Difference: Testing yields better code architecture
Dev starts coding
You average dev
- Writes some code
- Starts app in local
- Loop
- Opens the app and navigates to where the calc should be <- SLOW!
- BOOM!
- Fixes something if understands the problem <- difficult: many potential causes
- Debugs if not:
- Goes to the code and adds some print statements <- potentially difficult (may need to log)
- Opens a debugger (and the app, and navigates to where the calc should be...)
Your testing dev
- Writes a test
- Loop:
- Runs it <- FAST!
- BOOM!
- Fixes something if understands the problem <- easier: test focuses on SUT
- Debugs if not:
- Opens a REPL and plays with the SUT
- Goes to the code and adds some print statements <- easier: normally prints are enough
- Run a debugger? practically never in unit tests, rarely on broader integration scopes
Difference: Testing makes development FASTER
Dev has something done, but inadvertently broke something
Your average dev
Continue as nothing happens :)
Your testing dev
- Since there is something ready, dev commits and pushes
- Test suite runs on CI
- BOOM!
- Fixes the issue
- Runs the tests again (locally if possible)
- Pushes working code to repo
Since it has a better abstraction and it works, we can MR to develop, ensuring:
- Other devs can use this code (e.g. Calculator.Calculations)
- Other devs, when they refactor, take this code into account => less merge conflicts or phantom incomplete refactors (e.g. refactor Controller.show -> Controller.get)

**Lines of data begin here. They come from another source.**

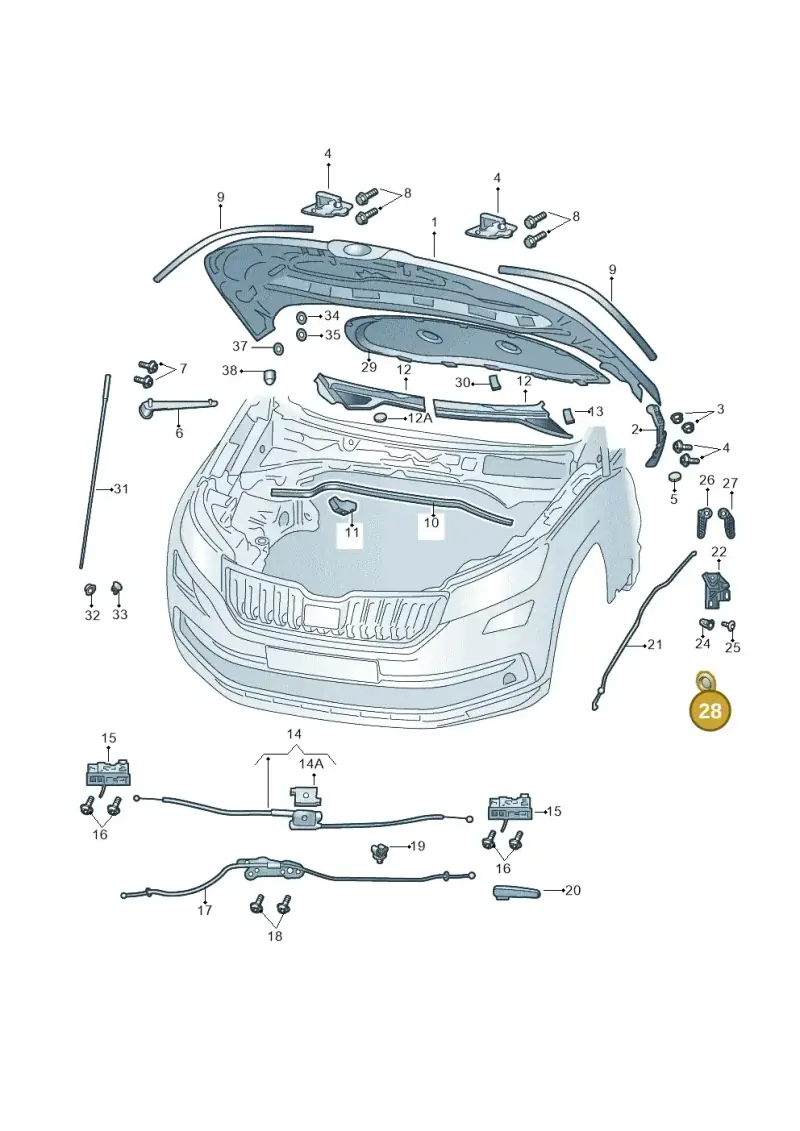6N0419044 — Skoda Kamiq (2019-) diagram 584823000, position 28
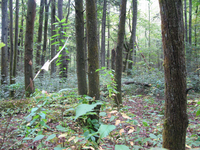 GRSM Accuracy Assessment. Plot Code: GRSM_AA_0243_3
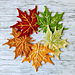 Maple Leaf pattern 
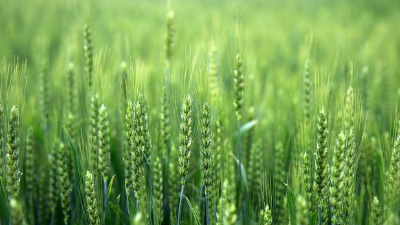 使用小麥除草劑，一定記住“8不要，2必須”!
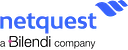 Trabajos en NETQUEST logo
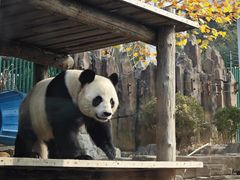 -大连森林动物园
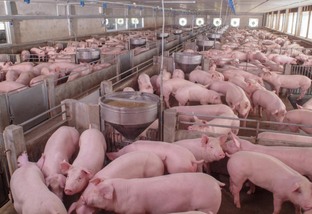 Conheça práticas que são essenciais para administrar uma granja de suínos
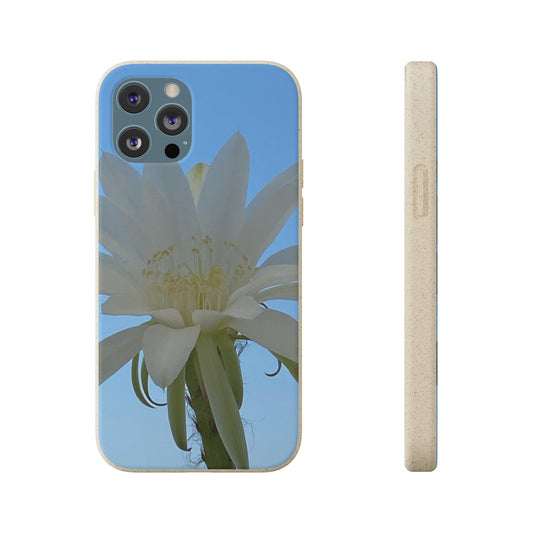 Printify Phone Case iPhone 12 Pro Max Biodegradable Case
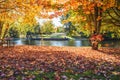 Deserted riverside park on a sunny autumn day. Stunning fall foliage. Royalty Free Stock Photo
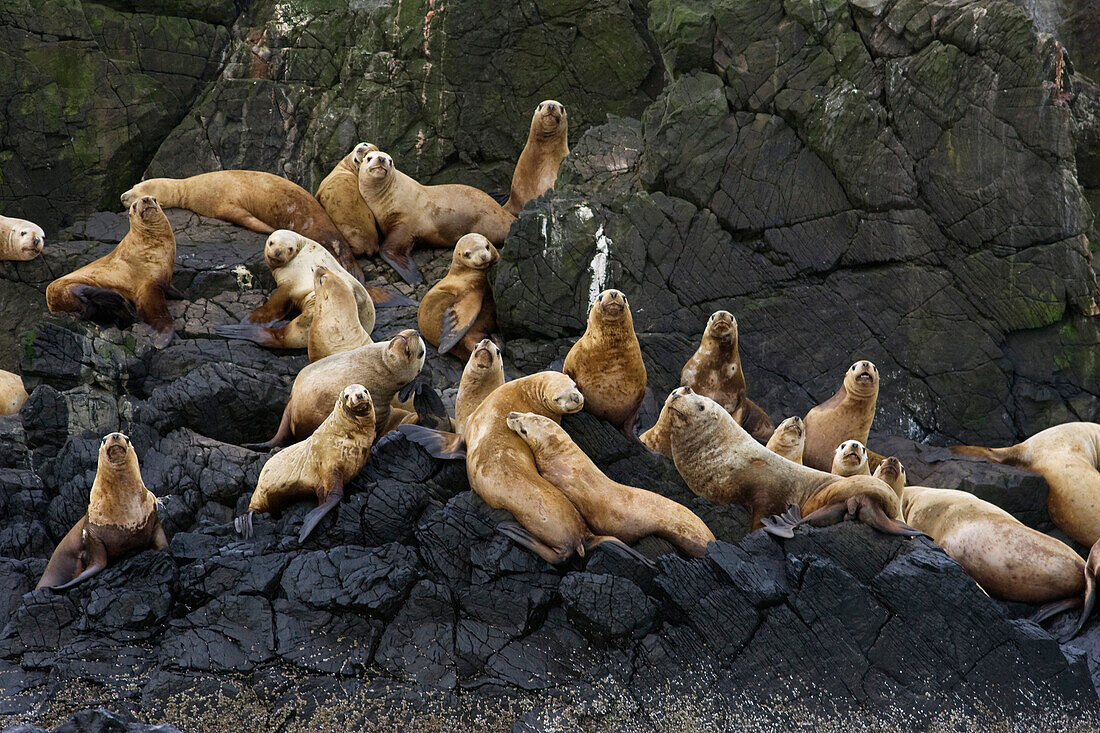 Steller's Sea Lion (Eumetopias jubatus) group hauled out on rocks, Katmai National Park, Alaska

Difference: Testing prevents regressions and improves team collaboration
Dev integrates metrics to his development
Your average dev
- Checks another controller
- Finds that the metrics are done with the Metrics module
- Looks for docs on Metric... finds none
- Asks someone... responds RTFM bro!! check the wiki (and gives a link since it's completely buried)
- Reads the wiki
- Implements as wiki says
- BOOM! (wiki was outdated)
- Copy&pastes the metrics code from another controller
Your testing dev
- Checks another controller
- Finds that the metrics are done with the Metrics module
- Looks for tests on Metric
- Implements, and takes profit of all relevant features
Difference: Testing ensures up-to-date documentation of our code, helping devs use it to it's full potential
Dev didn't like the Metrics module too much
Your average dev
Leaves it as is, since it'd be dangerous to refactor it
Your testing dev
Refactors fearlessly, since the tests cover dev's back
Difference: Testing prevents accumulation of technical debt
Dev finishes, and integrates to develop, but undetectable merge conflicts occur
Your average dev
Continue as nothing happens :)
Your testing dev
- Test suite runs on CI
- BOOM!
- Fixes the issue
Difference: Did we state testing prevents regressions?
Release is done
Your average dev
Remember when dev inadvertently broke something?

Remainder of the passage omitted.